Greece: could election of far left herald wider change in Europe?
“There are two camps in Europe,” George Stathakis tells me, in his cramped parliamentary office: “The one that wants to go on with austerity, and the one that says: use quantitative easing and fiscal expansion to boost growth. Syriza is part of that second camp.”
Mr Stathakis, an MP for the far left Syriza party and professor of economics in Crete, is currently shadow development minister. But within six weeks, if the polls are right, he could be running the Greek treasury.
Tonight the parliament failed in the first of three attempts to elect a president. The government got 160 votes but needs 180 in the final vote on 29 December. If it fails there will be a general election, which the polls say Syriza will win. For a party that had just 4 per cent five years ago that is a big leap.
You can feel how big even in the parliamentary outbuilding Mr Stathakis’ office is based in. “We keep running into dress code issues,” one staffer tells me. “The whole place is now full of people who were once activists or intellectuals. We keep forgetting we can’t wear shorts in summer.”
But Greece – and the rest of Europe – may have to get used to a government in which the far left party holds key positions. It is currently polling 24 per cent – 3 per cent ahead of the main conservative party, New Democracy, and under Greek election rules would get an additional 50 MPs to form a stable majority if it came first in the polls.

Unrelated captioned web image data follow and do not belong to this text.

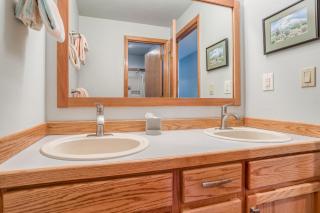 Hazelnut #5 - Meredith Lodging - 3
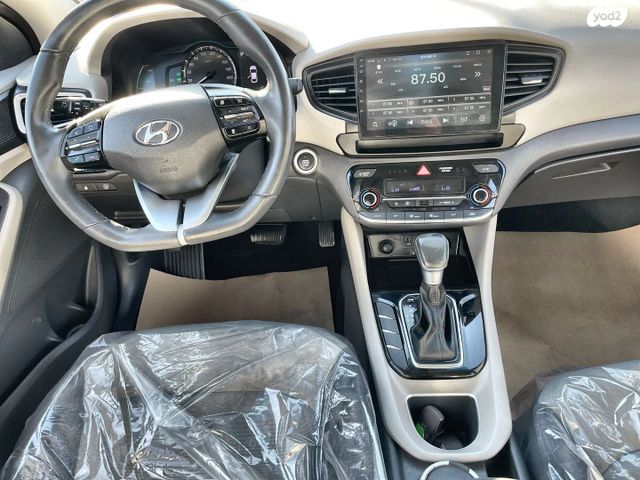 יונדאי איוניק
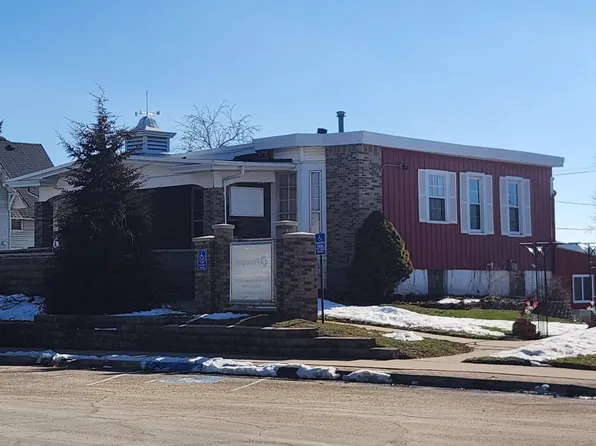 106 E Mission St, Strawberry Pt, IA 52076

Syriza’s progamme is clear. It will ask the EU to write off half the country’s debts and the ECB to be lender of last resort for the next 60 years for Greece. “Debt servicing costs would fall from 5 per cent of GDP to 2 per cent,” says Mr Stathakis. It will try to position itself alongside the new Spanish party, Podemos, and the German Left Party, as part of a wider anti-austerity movement in the eurozone.
What if the Europeans refuse? I ask him. Overnight a report in the German newspaper Die Welt quotes a German government source saying there is a plan to cut Greece off not just from ECB lending but from all EU funding, should Syriza wins. I put that to him and he smiles.
“The EU is run by statutes and regulations. I don’t think the ECB would cease funding Greek banks for reasons of political favouritism.”
The Syriza plan sounds incoherent to some in the bond markets, and the government here is playing heavily on the fears of Greeks that, if it looks like Syriza will win, there could be a flight of capital and a run on the banks.
I put it to Anna-Michelle Asimakopoulu, spokesperson for New Democracy, that playing the fear game is not a good idea. The fear is real,” she says. “It’s not a government conspiracy to make the Financial Times, the New York Times, financial analysts and bankers worried about Syriza. When Syriza briefed the markets, in London, there was fear.”
Does she see the Die Welt report as credible? “It’s credible that people will want to protect themselves,” she says
The Greek crisis no longer has the ability to detonate wider meltdown in Europe – because both banks and country finances have been stabilised. But it does have the power to change Europe in a different way.
Next year will see elections in Spain, where the far left party Podemos has come from nowhere to top the polls. The French Socialist party is effectively split between President Hollande, who wants to honour the country’s commitments to austerity, and others, including former economy minister Armand Montebourg, who want to break away from austerity and use tax and spend policies to expand growth.
And the global backdrop is different too. In 2012 the threat was of a bond market meltdown. Now the problem is deflation. The eurozone is stagnant, and falling oil prices will add further downward pressure on prices.
We have moved into a world where there is too little growth, too little inflation and too few jobs, and where countries are using currency and interest rate policies to fight over what little growth there is.
In that situation, Syriza’s supporters hope the election of a far left government in Greece committed to end austerity, with a much toned-down plan to reduce the debt burden, could be a catalyst for a wider change.
But that would still leave Greece with an uphill struggle to create growth and jobs – in a country which has lost 25 per cent of its GDP in five years and where more than 60 per cent of young people are unemployed.
Who would create the jobs? I ask Mr Stathakis. “The government would create the framework and expand public investment but that’s about it. The private sector would create most of the jobs,” he says.
But why would the private sector invest in a country where the finance ministry is run by Marxist professors? He told me he believed the left was the only force that could kickstart growth again in Greece. Behind the scenes Syriza has been trying to build bridges to the financial markets – and while some attempts have gone badly, Mr Stathakis is clearly trying to engineer a smooth transition between austerity and anti-austerity, not some kind of year zero moment.
For the conservative-led coalition government then this is crunch time. It has set going the process by which it might fall, gambling that Greeks will once again reel back from putting an untested and inexperienced left party in government.
But the coalition itself looks ungainly: its central bank boss, a former minister, prompted sharp intakes of breath in global markets – and reportedly also among Greek bank bosses – when he said “liquidity is draining quickly” on Monday.
If we do get a general election in January 2015, then either way the first period of austerity imposed by the IMF and EU – the so called troika – will be over. Either there will be a renewed mandate for the right, and a softer bailout programme led by the EU – or the first anti-austerity government in Europe since the crisis began.